Paris 5 février 1889

Mon cher Papa,

C’est donc samedi soir que je me mets en route pour Madère par Bordeaux : c’est La Colombie qui part le 10, et la compagnie m’y fait faire comme l’an passé une installation exquise.

Mon adresse est la même que la dernière fois ; les départs ont lieu de Southampton tous les vendredis et c’est la voie la plus sure, ou adresse : Madère, voie anglaise, by cape steamers. Ils ont ? de Lisbonne tous les lundis et en outre le 5 et le 20 de chaque mois.

J’emporte un bagage d’instruments d’un grand intérêt pour des travaux inédits à exécuter là-bas.

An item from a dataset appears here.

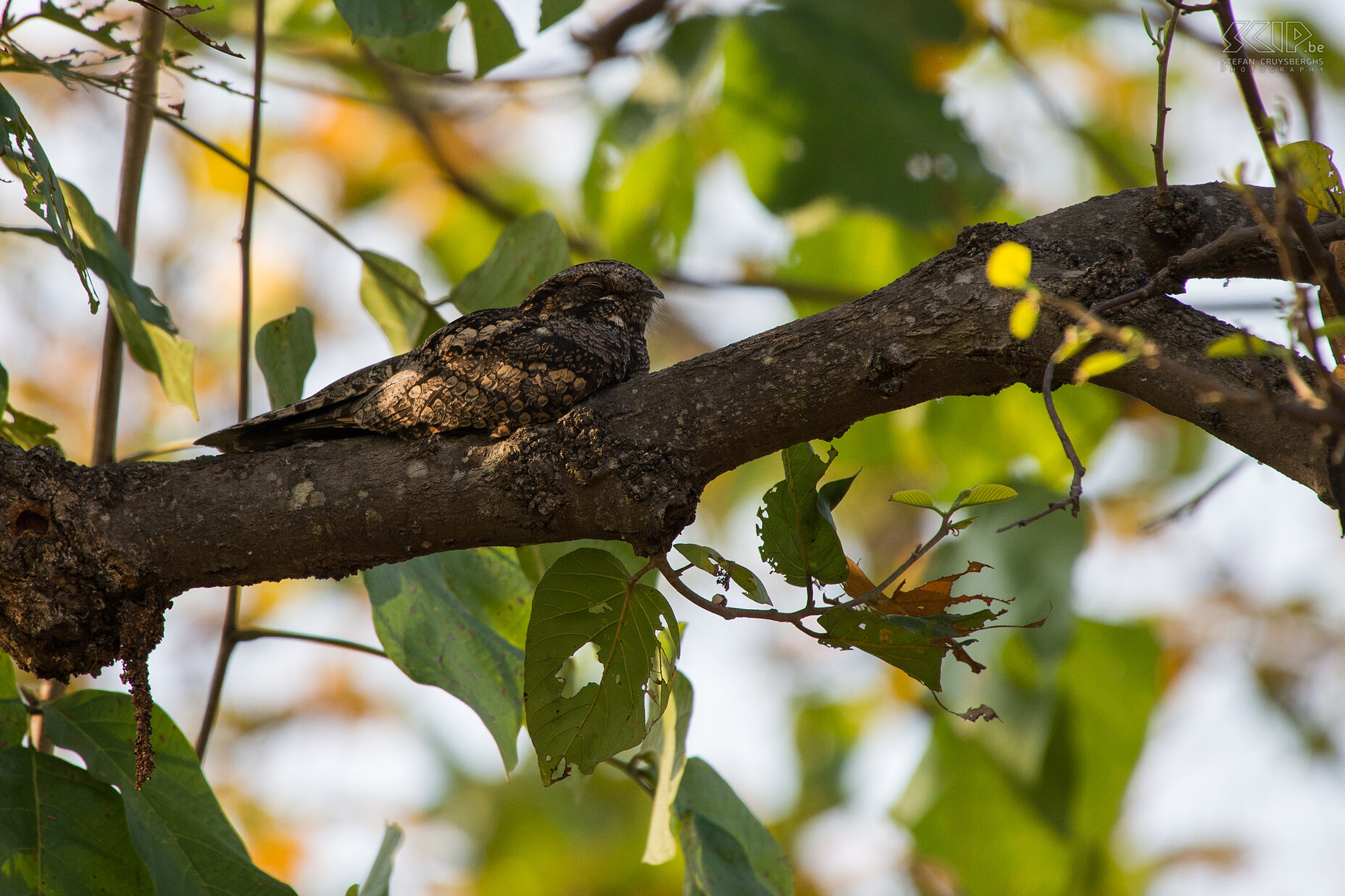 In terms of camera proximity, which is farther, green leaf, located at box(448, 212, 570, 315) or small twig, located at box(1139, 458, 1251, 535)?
green leaf, located at box(448, 212, 570, 315)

Je laisse ici tout ce qui concerne l’exposition en bonne voie d’exécution, chacun a sa besogne tracée et M. de Guerne qui connait parfaitement mes intentions, tranchera les questions imprévues qui pourraient surgir.

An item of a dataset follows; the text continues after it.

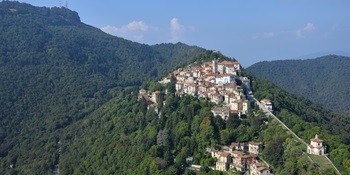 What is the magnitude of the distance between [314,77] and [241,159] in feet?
443

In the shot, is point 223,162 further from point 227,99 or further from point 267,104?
point 227,99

J’ai choisi le papier pour Marchais, je tenais à du papier glacé parce qu’il est beaucoup plus hygiénique que l’autre sur lequel s’accumulent les poussières flottantes et dont la peinture presque toujours nocive ? des émanations dangereuses. C’est une question en général trop peu considérée par le public, les tentures en étoffes sont également mauvaises, parce que elles retiennent les particules de toutes nature en suspension dans l’atmosphère et qu’elles empêchent ainsi l’air de se renouveler suivant ce qui est indispensable.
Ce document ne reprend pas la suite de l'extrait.